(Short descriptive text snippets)

━━━━━━━━━━

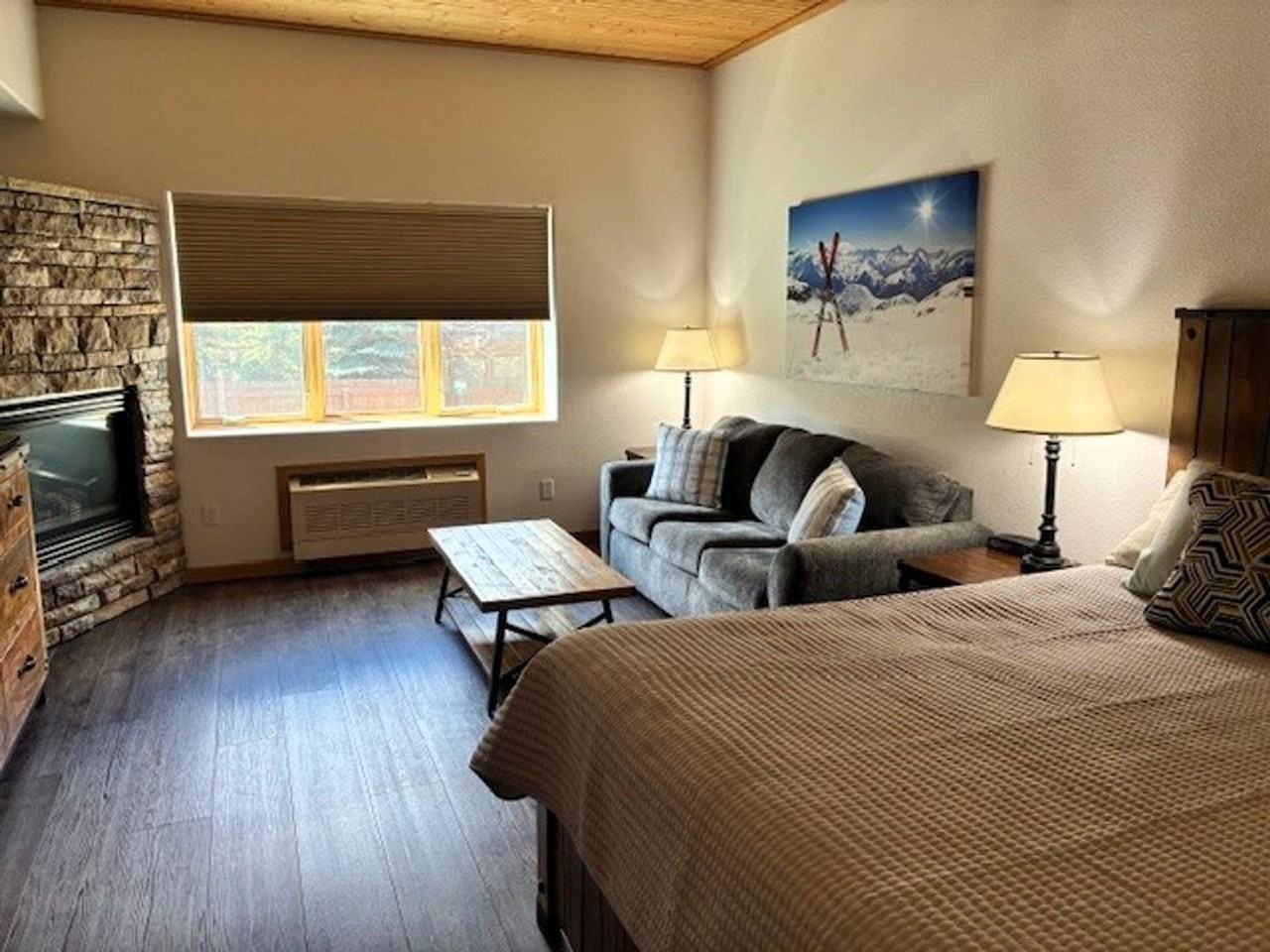 5051 Gateway 5051 - Photo 2 of 18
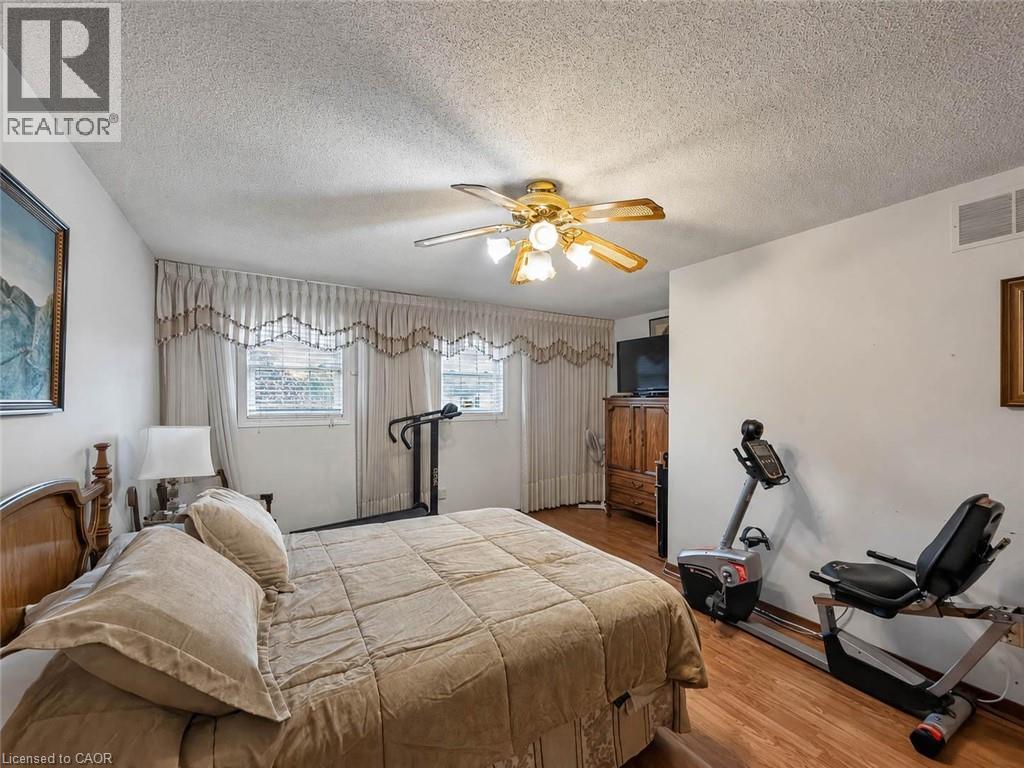 1018 UPPER SHERMAN Avenue - 25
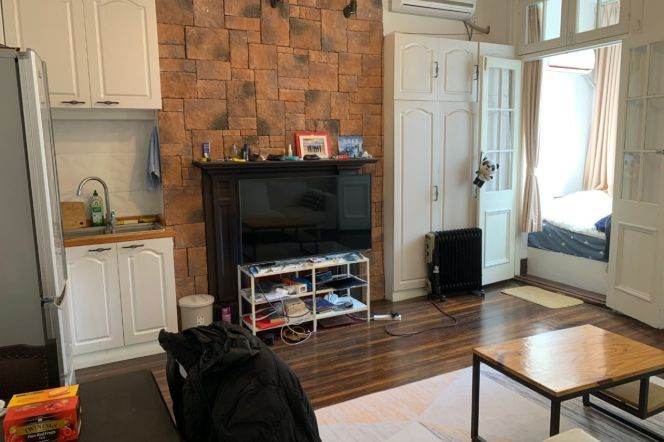 High-Ceiling Historic 1BR Lane House near IAPM (L1/L7)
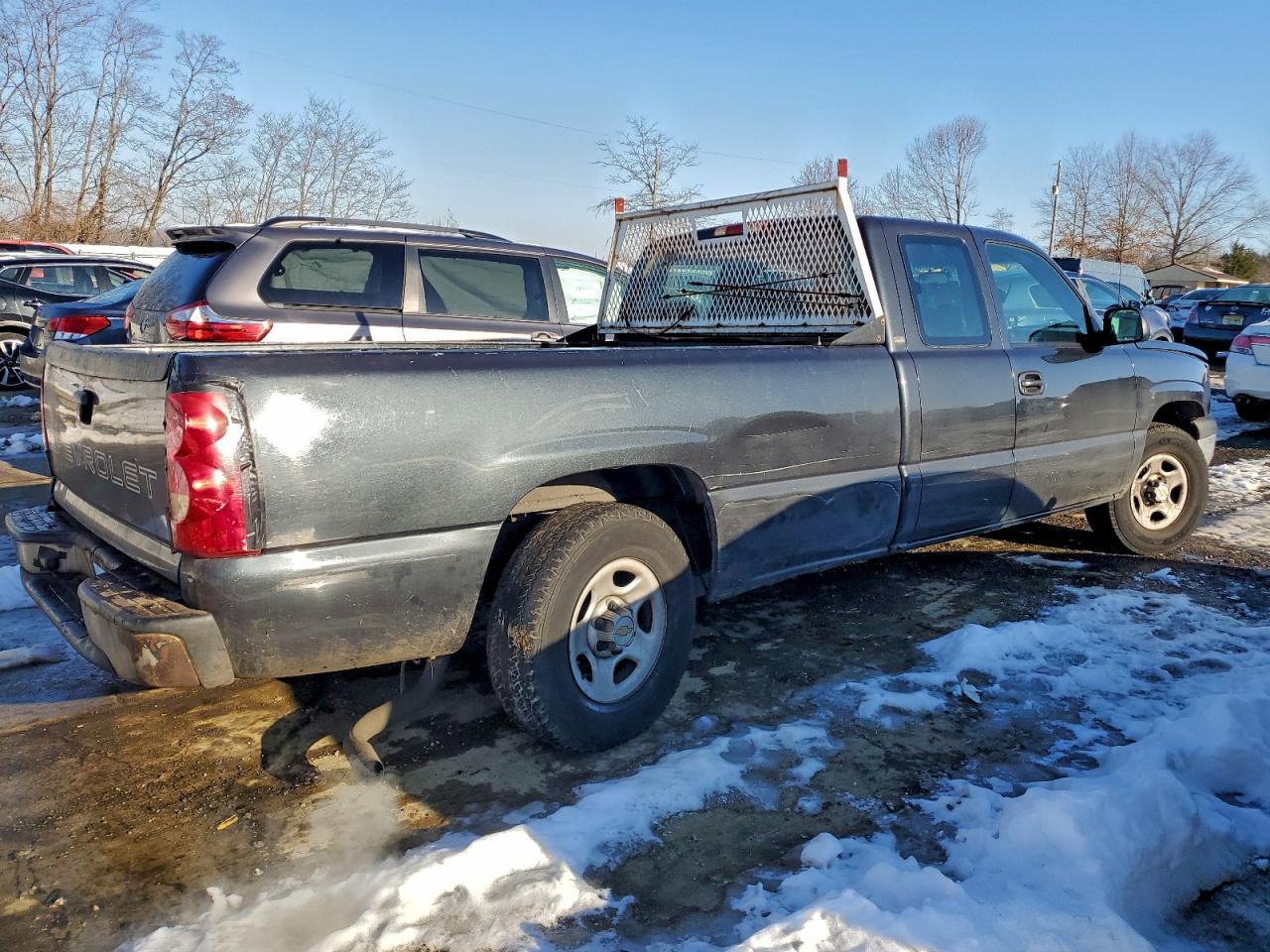 2004 CHEVROLET SILVERADO C1500 photo 3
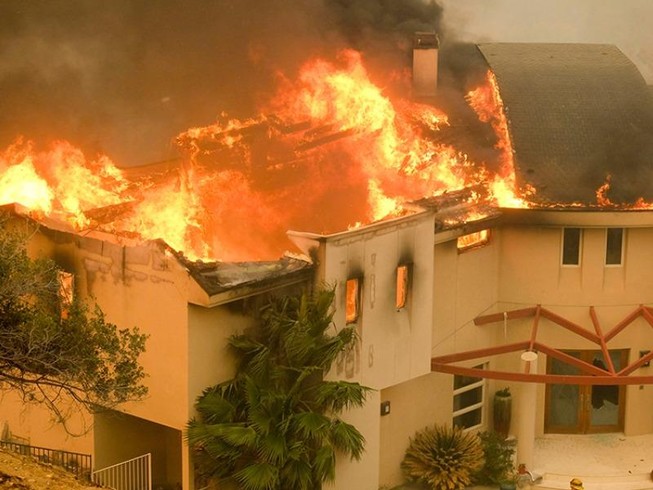 Dàn sao Hollywood ở Malibu kéo nhau bỏ chạy vì cháy rừng 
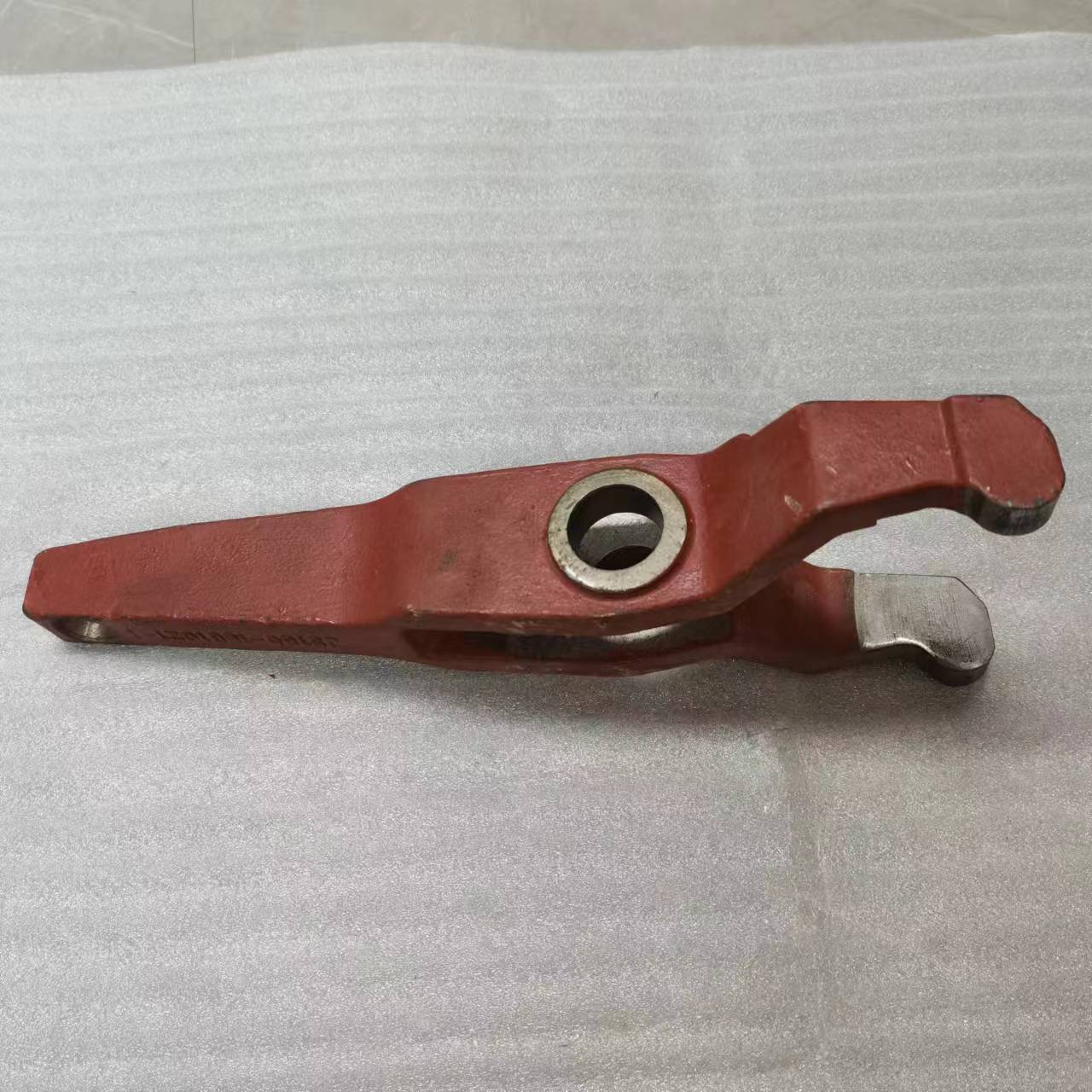 2.1KG Clutch Release Fork JS180-1601021-1 for Sachmann X3000 Truck Gearbox Heavy Duty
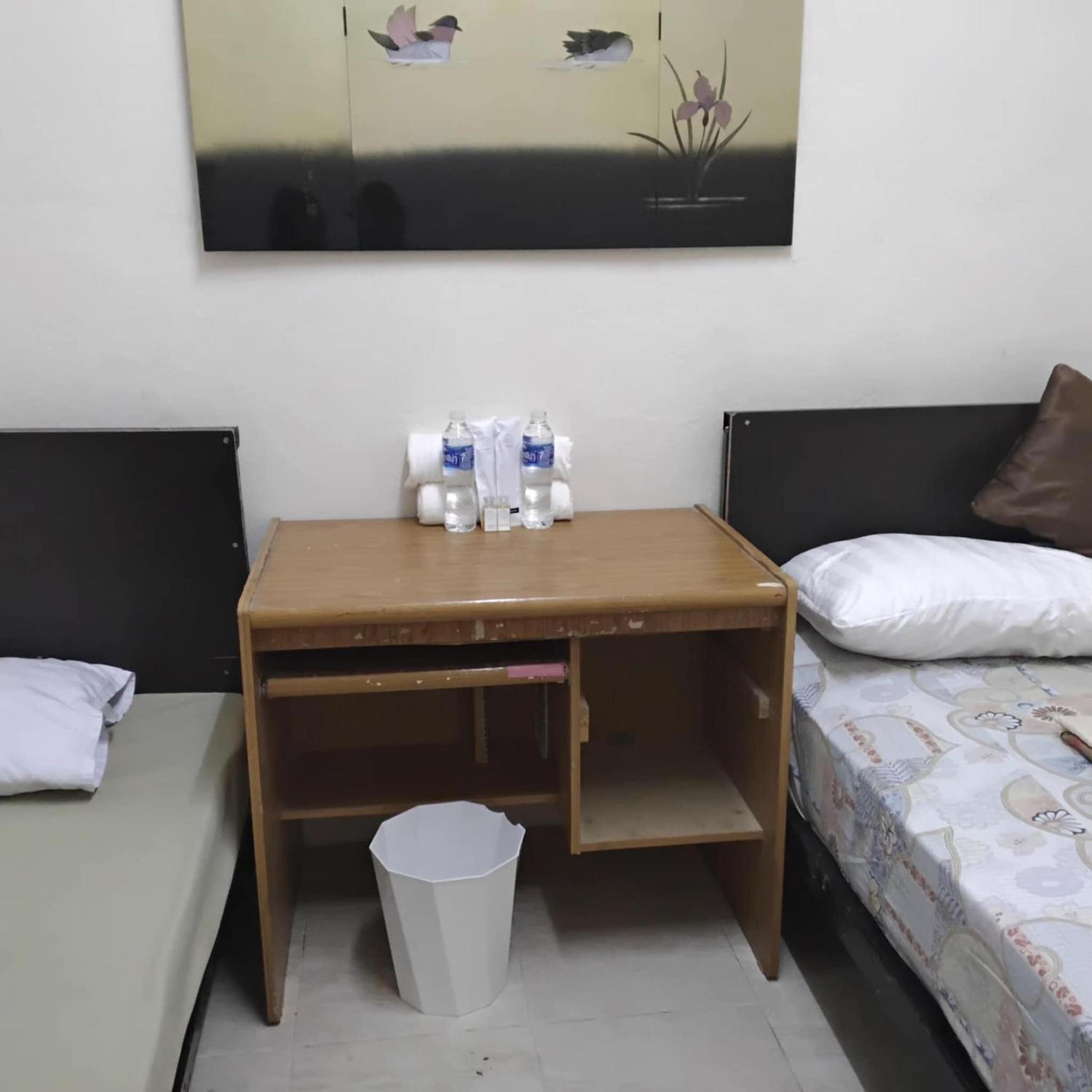 Hostel 24 Backpackers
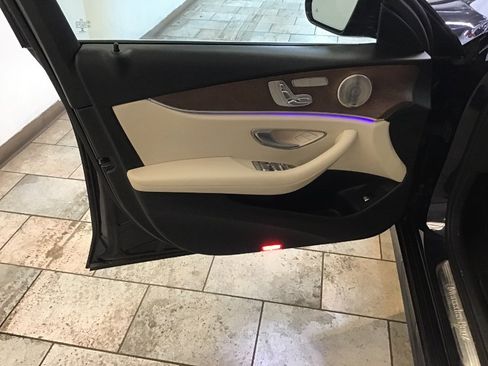 Used 2022 Mercedes-Benz E 350 4MATIC Sedan w/ AMG Line Exterior image 13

━━━━━━━━━━

GOAL OF THE EXERCISE: Without carrying over any picture, retype the records above word for word.

EXERCISE RESPONSE:
 5051 Gateway 5051 - Photo 2 of 18
 1018 UPPER SHERMAN Avenue - 25
 High-Ceiling Historic 1BR Lane House near IAPM (L1/L7)
 2004 CHEVROLET SILVERADO C1500 photo 3
 Dàn sao Hollywood ở Malibu kéo nhau bỏ chạy vì cháy rừng 
 2.1KG Clutch Release Fork JS180-1601021-1 for Sachmann X3000 Truck Gearbox Heavy Duty
 Hostel 24 Backpackers
 Used 2022 Mercedes-Benz E 350 4MATIC Sedan w/ AMG Line Exterior image 13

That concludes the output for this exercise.